There are other types of reactors, such as Canada’s heavy water reactors (CANDU) that are also recognized as Gen II reactors. Gen II designs require relatively large electrical grids and have a safety envelope based on Western safety standards. The economics of existing Gen II plants and of those under construction or in the planning stage are generally favorable, particularly in some parts of Asia. Gen III nuclear reactors are essentially improved Gen II reactors. These improvements in Gen III reactor technology are aimed to extend the operational life to 60 years, potentially to greatly exceed 60 years, prior to complete overhaul and reactor pressure vessel replacement.(1)


While these developments enhanced the economy of scale, they also pushed aside the development of small reactors, because of the latter’s much higher megawatt-to-megawatt cost when compared to these Gen II or Gen III reactors. But the story has a downside.


Now that the United States has not built a nuclear power plant for decades, and in the context of the de-industrialization of the nation, the ability to manufacture ultra-heavy forgings - each of which weighs greater than 400,000 pounds - a necessity for the Gen III reactors, no longer exists in the United States. At this point, the United States is today simply incapable of producing a Gen II or Gen III nuclear reactor.


US can’t make Gen III Reactors


Peter Alpern wrote in 2009: Four of the most complex parts of a nuclear power plant - the containment vessel, the reactor vessel components, the turbine rotors and steam generators - are made from over 4,000 tons of steel forgings, and almost none of those components are manufactured in the United States. The reactor vessel functions like the outer shell of an egg, protecting all the vital internal pieces, including the components in which the nuclear reaction takes place. The outer vessel alone weighs over 500 tons and is made up of seven very large forgings, including several that make up the nozzle.


The newest nuclear plant design on the market, the Generation III Evolutionary Power Reactor (EPR), from the French nuclear engineering group Areva, uses four steam generators - each of which weighs up to 500 tons. A generator rotor weighs in excess of 200 tons, according to Craig Hanson, vice president and product line manager for nuclear plant builder Babcock & Wilcox. And, for each nuclear plant, there are three to four turbine rotors. (2)


The Gen III reactors require steel ingots weighing between 500 to 600 tons each. No steel producers in the US can handle that size or weight, says Chris Levesque, Areva’s president and general manager at its Newport News, VA, facility for fabricating heavy reactor components: Forgers are limited because while [a forger] can make his press bigger and he can make his machine tools bigger, he needs a larger ingot. He’s limited by the steel mill and the ability of not just a mill that can make that big of an ingot, but [can] also transport it to him by rail. You’re talking about a piece of metal that’s huge and needs to stay hot and get from the mill to the forge. One of those mills can’t exist just to supply the forge.


The largest US ingot manufacturer, the now defunct Bethlehem Steel, could produce an ingot of about 380 tons - good enough for the Gen II reactors, but not so for the Gen III reactors. And that Bethlehem Steel capability no longer exists.

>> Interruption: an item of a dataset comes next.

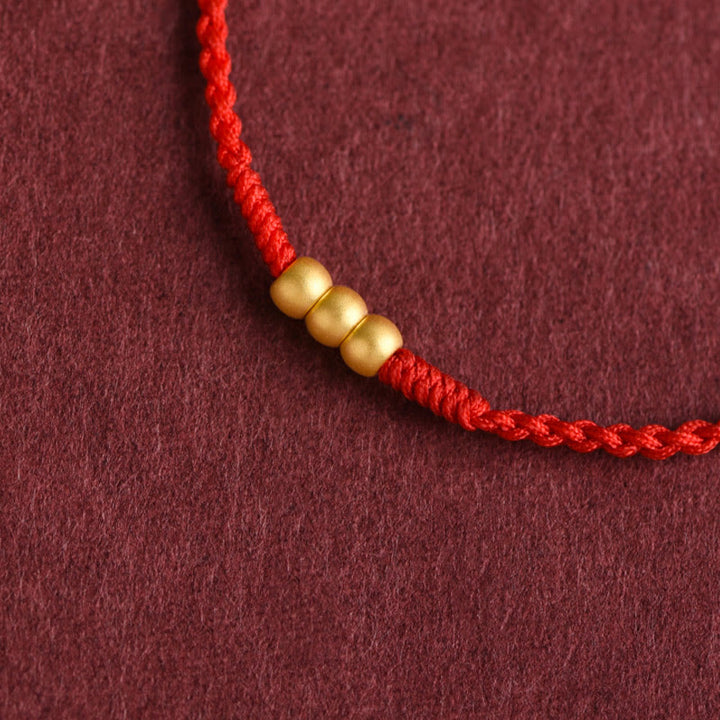 Pulsera de tobillo con cuerda de la suerte hecha a mano con diseño de tres cuentas en oro 999 y Buddha Stones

While America dismantled its capabilities vis-à-vis heavy forging, new heavy forgers have emerged - not many, but a few. According to Alpern’s article, Japan Steel Works (JSW) is by far the largest, providing 80 percent of the large forged components for all nuclear power plants being built in the world today outside Russia, including the steam generator, reactor pressure vessels and turbine shafts.


Several other countries are also involved in Gen III, or similar, reactors, and heavy forging capacity is emerging in those nations, including China (China First Heavy Industries) and Russia (OMX Izhora), along with new capacity emerging in South Korea (Doosan) and France (Le Creusot). It is also being planned in the U.K. (Sheffield Forgemasters) and India.



1. “Nuclear Reactors: Generation to Generation,” by Stephen M. Goldberg and Robert Rosner. American Academy of Arts & Sciences, 2011.

2. “U.S. Cedes Capability for Largest Nuclear Forgings,” by Peter B. Alpern. Forging, June 16, 2009.